Behaviour for finding an invoice has changed.

[johnRivs]

• Cashier Version: starts in 10.4 though I'm on 10.5.2
• Laravel Version: 6.10.1
• PHP Version: 7.3
• Database Driver & Version: n/a

Description:

Before 10.4, I used to rely on AccessDeniedHttpException to check if the invoice id belongs to a different customer. Now, this gets in the way.
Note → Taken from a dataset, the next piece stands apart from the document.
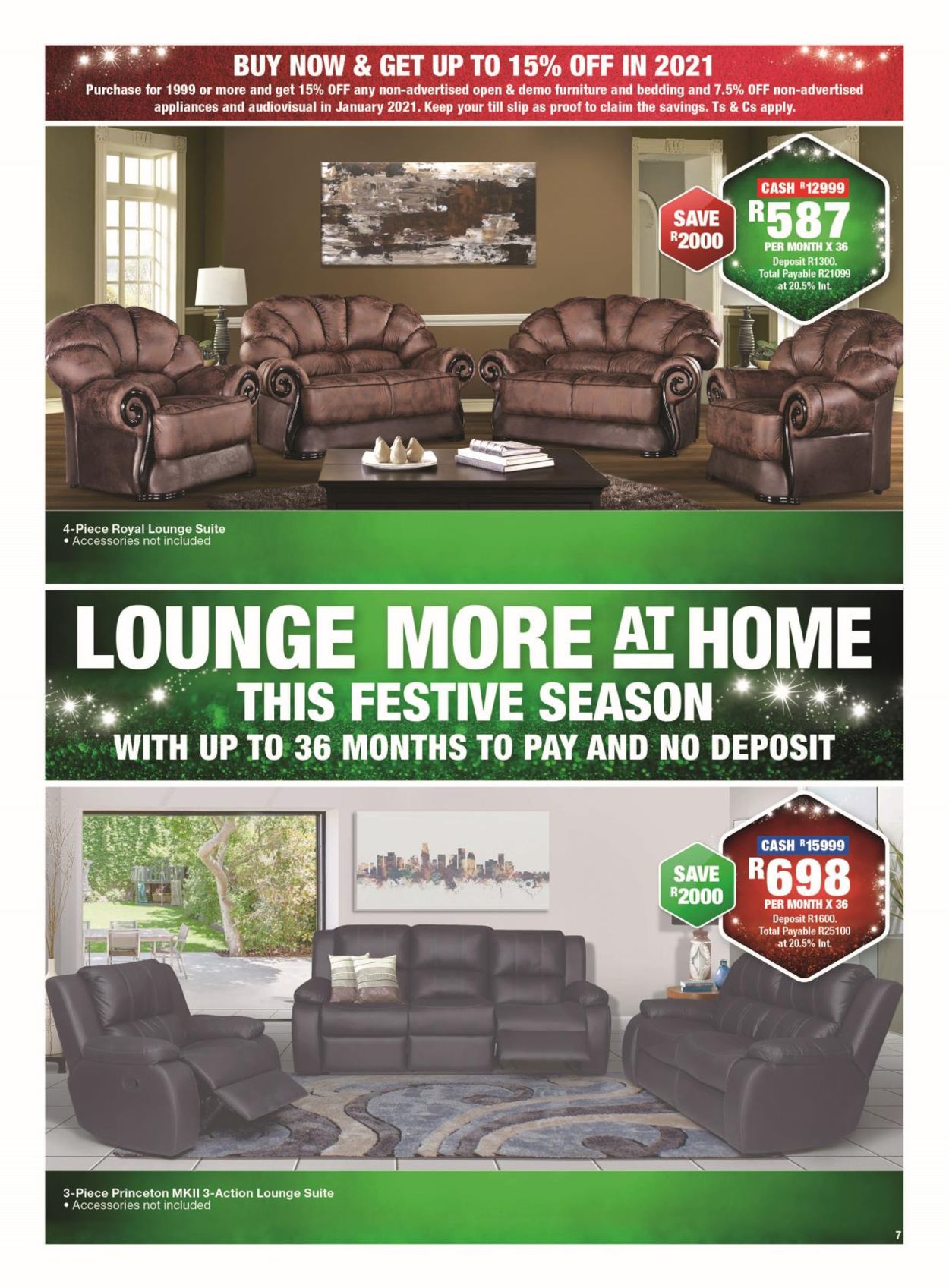 OK Furniture Catalogue - 2020/10/19-2020/11/01 (Page 7)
I went from $invoice = auth()->user()->findInvoiceOrFail($id); handling 404 and 403 to

try {
    $invoice = auth()->user()->negocio->findInvoiceOrFail($id);
} catch (Throwable $th) {
    abort_if(strpos($th->getMessage(), 'does not belong to this customer'), 403); // Generic exception
    abort_if(class_basename($th) === 'NotFoundHttpException', 404); // $th->getCode() doesn't return 404 ¯\_(ツ)_/¯
}

Are these changes intended?

Steps To Reproduce:

auth()->user()->findInvoiceOrFail($id); where $id either belongs to a different customer or invalid id.

[driesvints]

These changes are intended. You can't create an Invoice object of an invoice that doesn't belongs to the passed owner.

[johnRivs]

I see. It's just weird that the way we have to interact with this now is kinda ugly.

[driesvints]

@johnRivs actually, upon a second look you're correct. The current behaviour is indeed broken. I'll try to fix it for the next patch release. Thanks for reporting.